- _EXERCISE BRIEF_
Your answer must be the full listing, reproduced exactly, minus any pictures.

- _DATA EXCERPT_
□ □ □ □
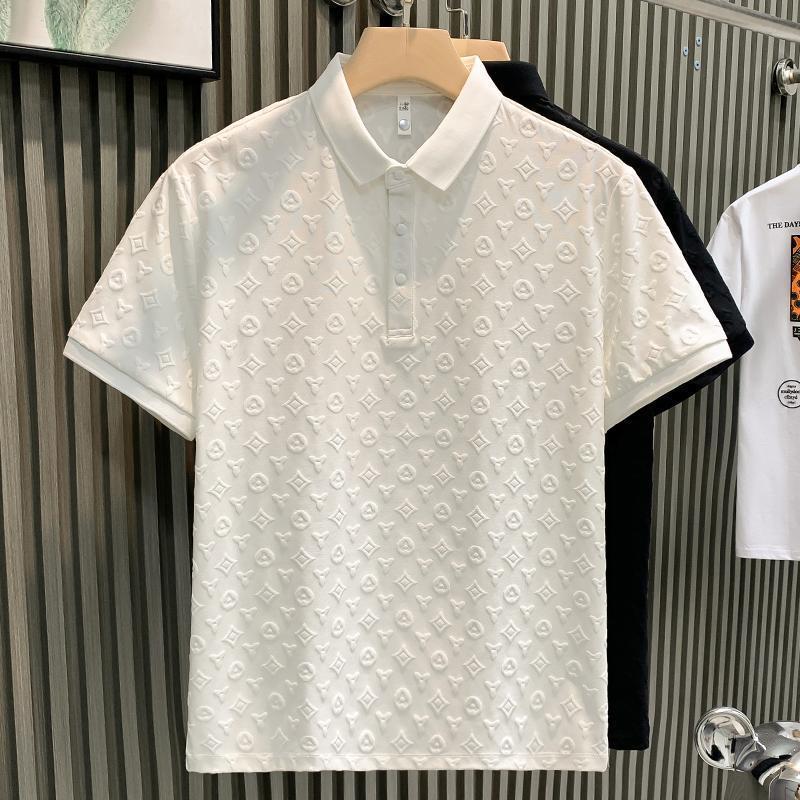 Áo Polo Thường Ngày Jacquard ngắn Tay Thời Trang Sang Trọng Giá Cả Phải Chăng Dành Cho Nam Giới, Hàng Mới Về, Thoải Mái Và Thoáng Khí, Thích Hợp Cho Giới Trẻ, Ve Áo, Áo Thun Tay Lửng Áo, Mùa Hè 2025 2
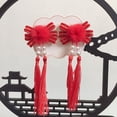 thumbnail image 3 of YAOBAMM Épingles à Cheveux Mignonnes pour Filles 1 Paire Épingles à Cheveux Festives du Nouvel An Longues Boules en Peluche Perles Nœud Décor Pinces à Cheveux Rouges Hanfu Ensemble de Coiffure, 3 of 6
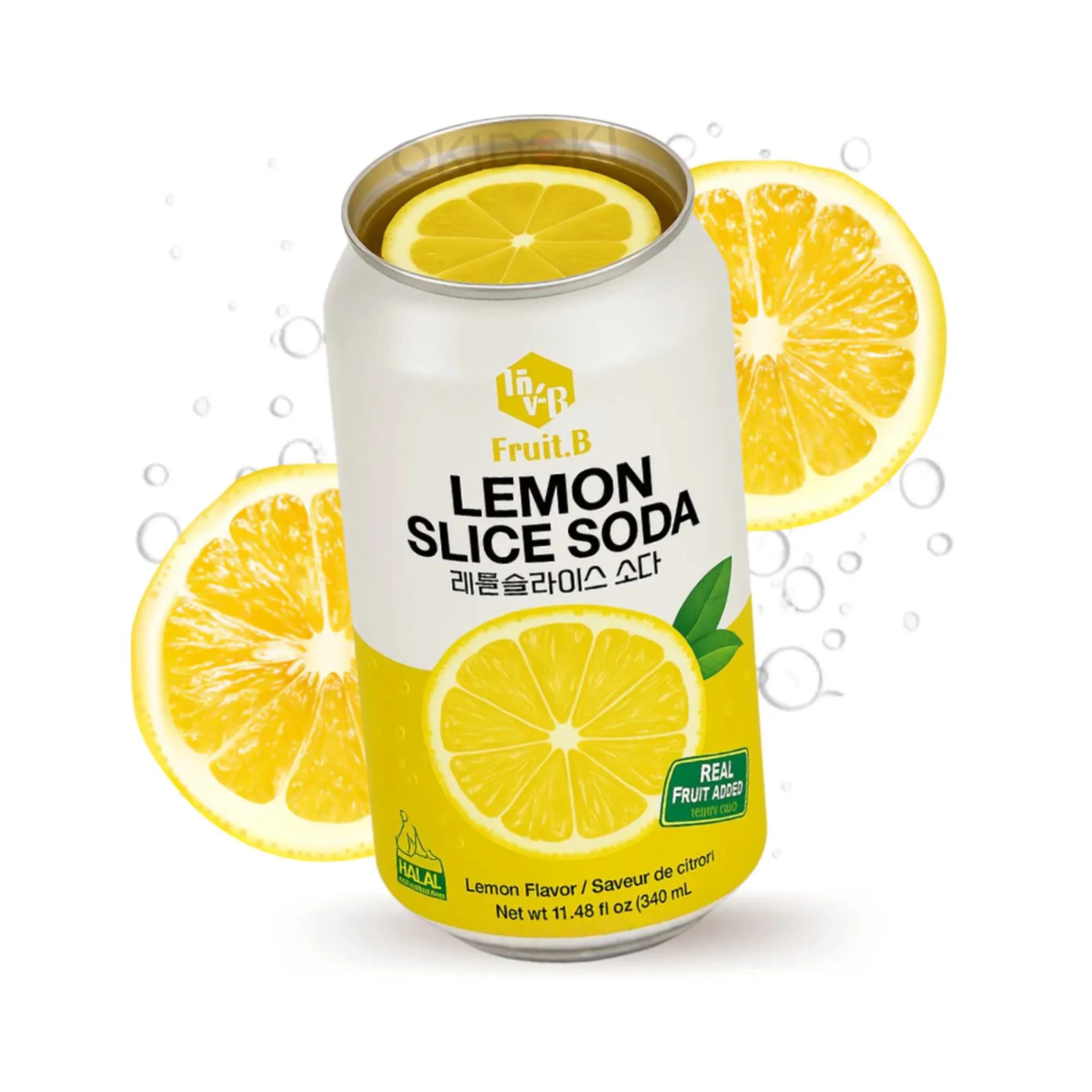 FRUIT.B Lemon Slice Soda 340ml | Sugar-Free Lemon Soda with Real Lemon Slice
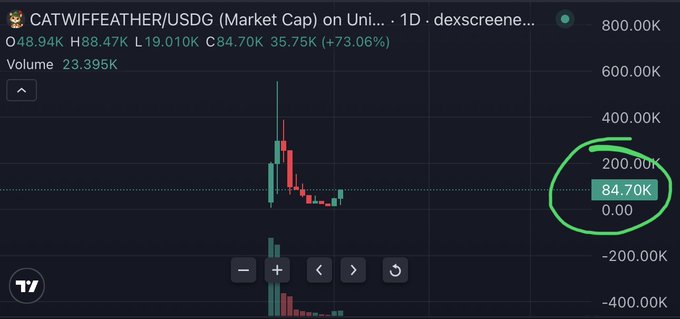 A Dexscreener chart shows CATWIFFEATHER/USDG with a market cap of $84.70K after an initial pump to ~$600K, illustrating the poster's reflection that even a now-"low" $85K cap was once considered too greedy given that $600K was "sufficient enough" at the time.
□ □ □ □
- _EXERCISE ANSWER_
 Áo Polo Thường Ngày Jacquard ngắn Tay Thời Trang Sang Trọng Giá Cả Phải Chăng Dành Cho Nam Giới, Hàng Mới Về, Thoải Mái Và Thoáng Khí, Thích Hợp Cho Giới Trẻ, Ve Áo, Áo Thun Tay Lửng Áo, Mùa Hè 2025 2
 thumbnail image 3 of YAOBAMM Épingles à Cheveux Mignonnes pour Filles 1 Paire Épingles à Cheveux Festives du Nouvel An Longues Boules en Peluche Perles Nœud Décor Pinces à Cheveux Rouges Hanfu Ensemble de Coiffure, 3 of 6
 FRUIT.B Lemon Slice Soda 340ml | Sugar-Free Lemon Soda with Real Lemon Slice
 A Dexscreener chart shows CATWIFFEATHER/USDG with a market cap of $84.70K after an initial pump to ~$600K, illustrating the poster's reflection that even a now-"low" $85K cap was once considered too greedy given that $600K was "sufficient enough" at the time.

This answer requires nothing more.